» Problem requirements
Among the entries below, find the line with "Villeroy & Boch", then quote it and each following line up to and including the line with "2 in 1 swimming", and nothing else.

» Task data
::::::::

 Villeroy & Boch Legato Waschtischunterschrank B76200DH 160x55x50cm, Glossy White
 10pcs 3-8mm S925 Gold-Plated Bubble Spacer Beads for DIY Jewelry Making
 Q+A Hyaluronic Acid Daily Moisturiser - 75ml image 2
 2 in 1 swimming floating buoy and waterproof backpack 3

::::::::

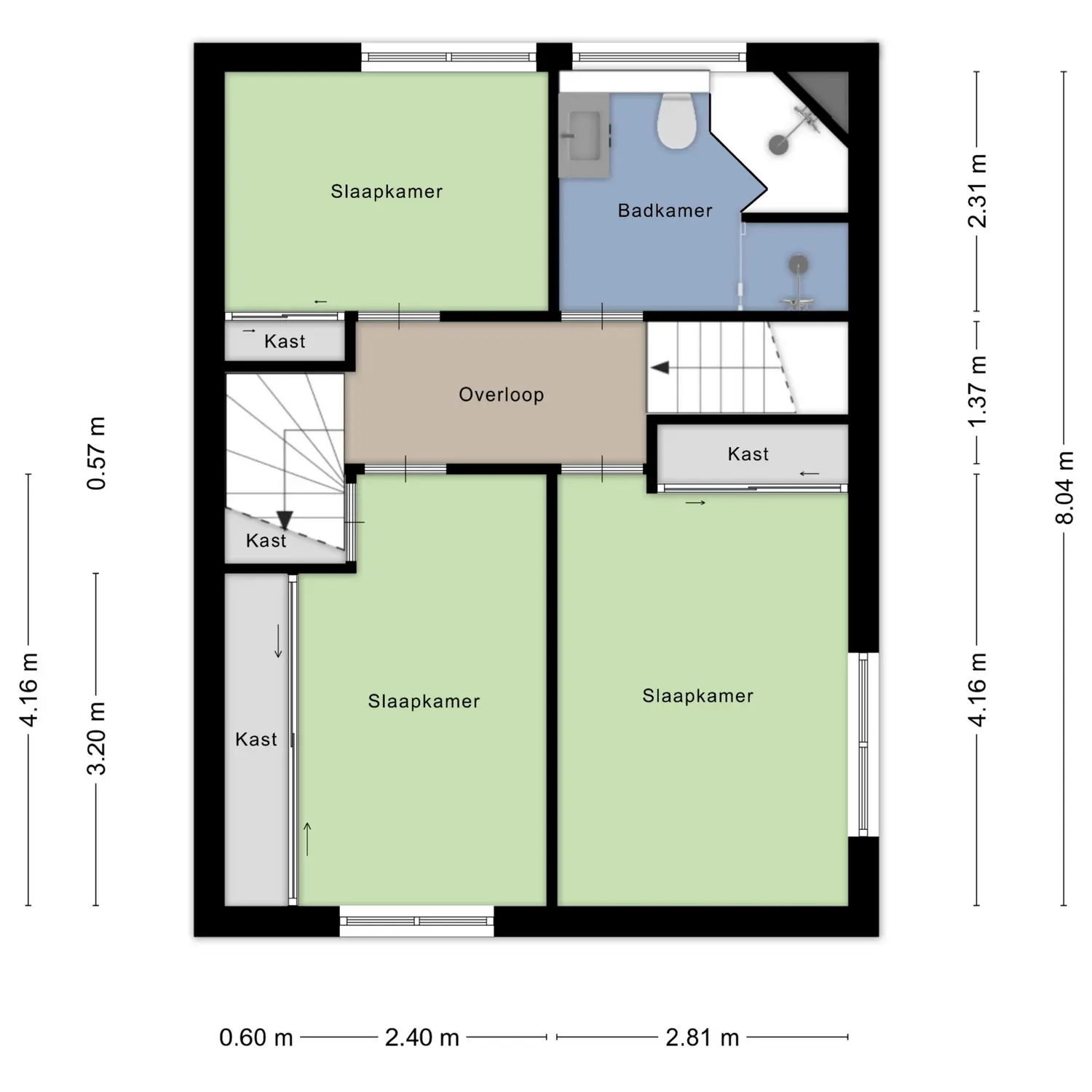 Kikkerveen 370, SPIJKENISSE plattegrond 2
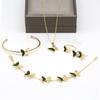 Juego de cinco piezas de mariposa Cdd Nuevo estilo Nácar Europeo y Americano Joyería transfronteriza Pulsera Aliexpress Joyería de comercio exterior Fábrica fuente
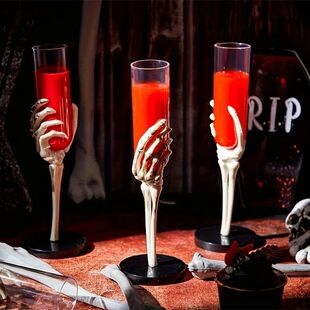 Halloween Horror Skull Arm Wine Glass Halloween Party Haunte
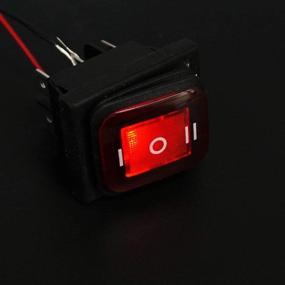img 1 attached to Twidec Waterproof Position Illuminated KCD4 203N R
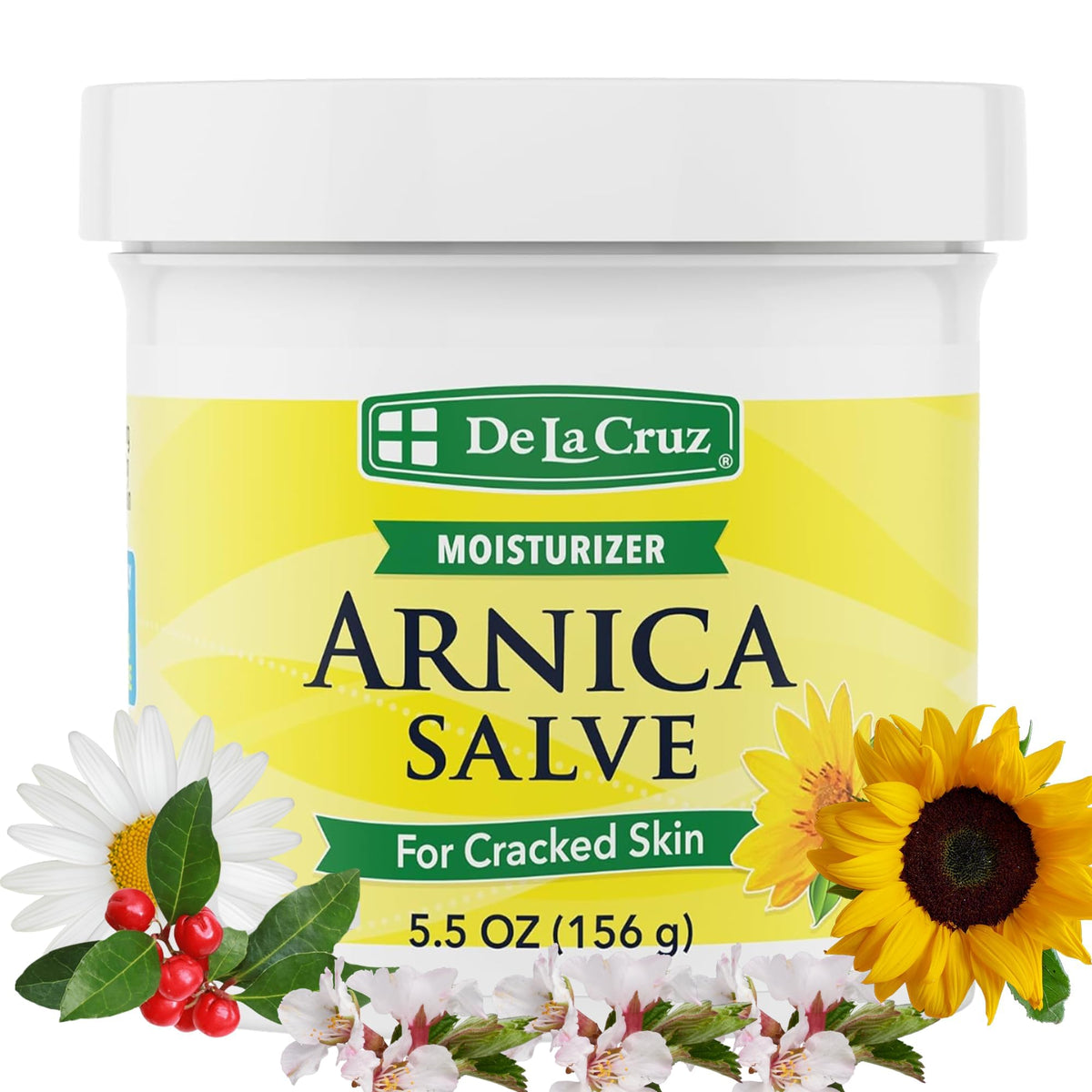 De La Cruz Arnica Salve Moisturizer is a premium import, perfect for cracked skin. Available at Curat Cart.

::::::::

» Reply to the task
 Villeroy & Boch Legato Waschtischunterschrank B76200DH 160x55x50cm, Glossy White
 10pcs 3-8mm S925 Gold-Plated Bubble Spacer Beads for DIY Jewelry Making
 Q+A Hyaluronic Acid Daily Moisturiser - 75ml image 2
 2 in 1 swimming floating buoy and waterproof backpack 3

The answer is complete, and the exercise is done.